Mi novio llegó a los dos minutos. La de recepción le dijo que ellos no podían hacer nada, que ya sabía que ella era prostituta, porque además iba mucho, pero que no podía hacer nada. Si oía gritos o algo preocupante, ahí sí, podían llamar a la policía.
“Porque además ella iba mucho” esa frase, que podría parecer tranquilizadora, que normalizaba el asunto, “vale, la mujer al fin y a cabo, esta acostumbrada, es su profesión, controla la situación y esto no era excepcional para ella”a los dos segundos se me volvió ceniza en la boca. Claro¿Por qué vas a impedir que uno de tus clientes fijos deje de serlo, poniendo su peligrosa y devastadora situación en manos de la policía? Por eso las habitaciones eran tan baratas. Qué asquerosidad. Me pregunté porqué estaría ella entonces llorando esa noche.Quizá la droga o el alcohol le habían puesto sensible, quizá hubiera sido la nieve, quizá de verdad se sentía enferma esa noche y aún así le tocaba tragar y eran lágrimas de rabia, como quien tiene sueño.

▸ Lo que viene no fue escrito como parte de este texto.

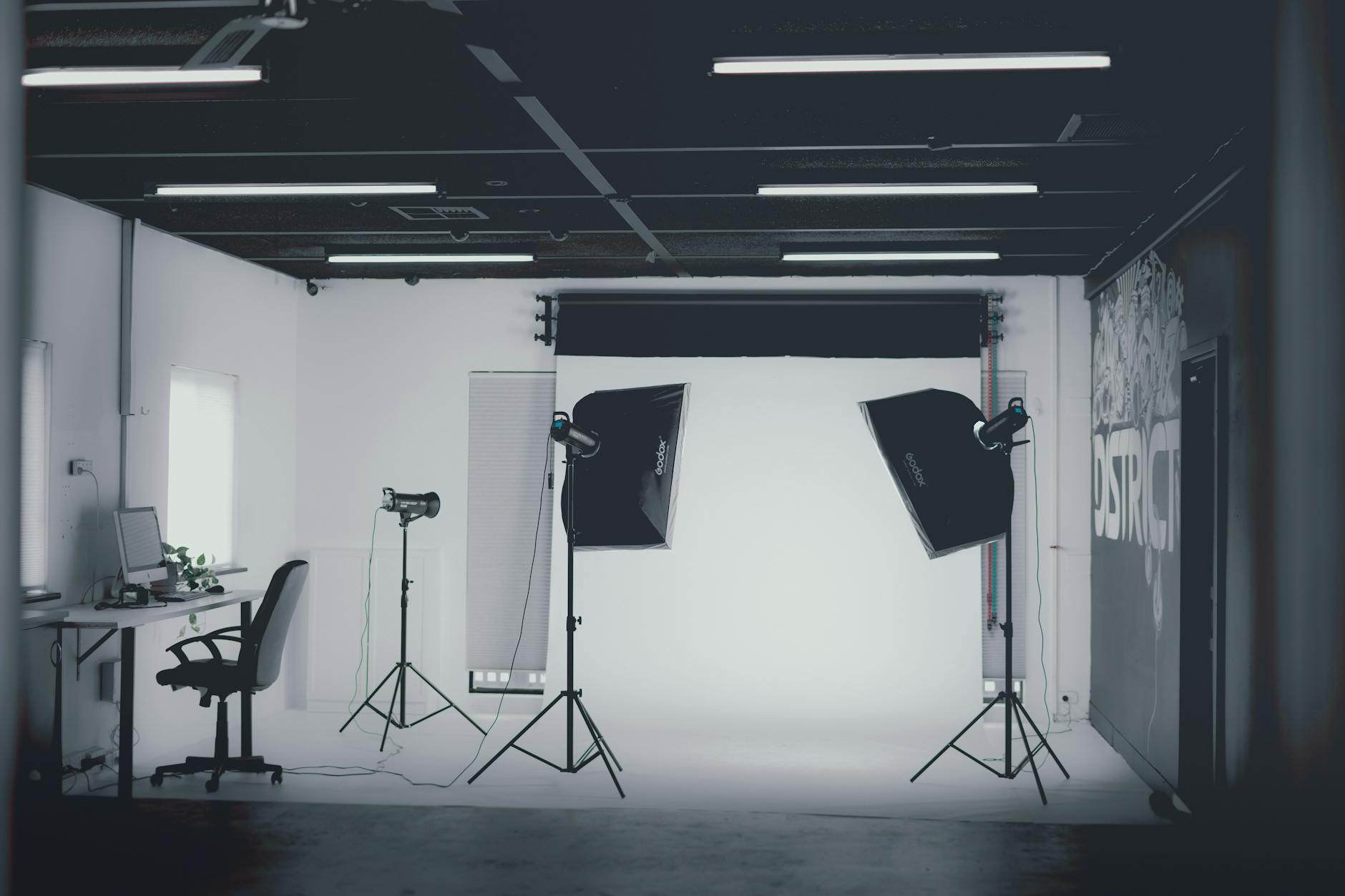 Tethered Shooting: Why Every Professional Studio Should Be Doing It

Yo se que el debate de la prostitución es delicado. Pero también sé que la violencia no es solo pegar a alguien hasta que no puede aguantarse los gritos. Hay cienmil escalones antes, todos dolorosísimos e injustos. Hay escalones que ni siquiera son físicos, hay violencia que se recibe en el espíritu y deja heridas distintas; no hay sangre ni se segrega adrenalina, hay ira enterrada y amargor. También sé que esto ocurre de la misma manera en lugares para nada cutres y marginales, y que es en los ambientes más lujosos donde se comenten, probablemente, las mayores tropelías-. Que fuera un hombre sucio y en chándal el que iba a cometer la violación me importa bien poco, lo que me llama la atención es la normalidad que envolvía el asunto, y que sin duda lo envuelve también en situaciones mas lujosas. Cada día, cada hora, sólo en España, Todo el tiempo. ¿Por qué? ¿Qué se puede hacer realmente?¿Qué pasaría si se pusiera en manos de la policía? Sé que en su lugar yo preferiría estar en un centro de retención de inmigrantes. Aunque sea injusto, aunque sea como estar en la cárcel porque sí. También sé que ahí no se gana dinero y que las personas que vienen -quizá de un modo especial las mujeres- lo hacen para mandar dinero a casa. No lo sé. Se que en el hotel no hicieron nada, y que nosotros tampoco. Nos quedamos ahí, pasamos la noche abrazados y como entumecidos, con algo parecido a arcadas espirituales. Yo recé por ella. Últimamente rezo a veces, y no sé si es por otras personas o lo hago por mí. Pero sé que no hice más que eso. Pensé a la mañana siguiente, ya lejos de aquel lugar repugnante, que podía haberle dejado a la recepcionista un recado para ella, el número o el contacto de alguna asociación que ayude a mujeres inmigrantes. Pero no hice nada. Con este texto creo que trato de redimirme de esa culpa, pero ahora que creo que estoy terminando ya de escribirlo no me siento mejor ni más tranquila. Al contrario, me doy cuenta de lo tonta que fui y que soy. Y de que el mundo es una náusea, y nada más asqueroso que haber tenido el privilegio y la suerte de vivir ajeno a ello sin haber hecho nada por merecerlo. En lugar de gratitud, este hecho me causa pesar. Sé que quizá no tiene
sentido, pero os juro que lo siento mucho.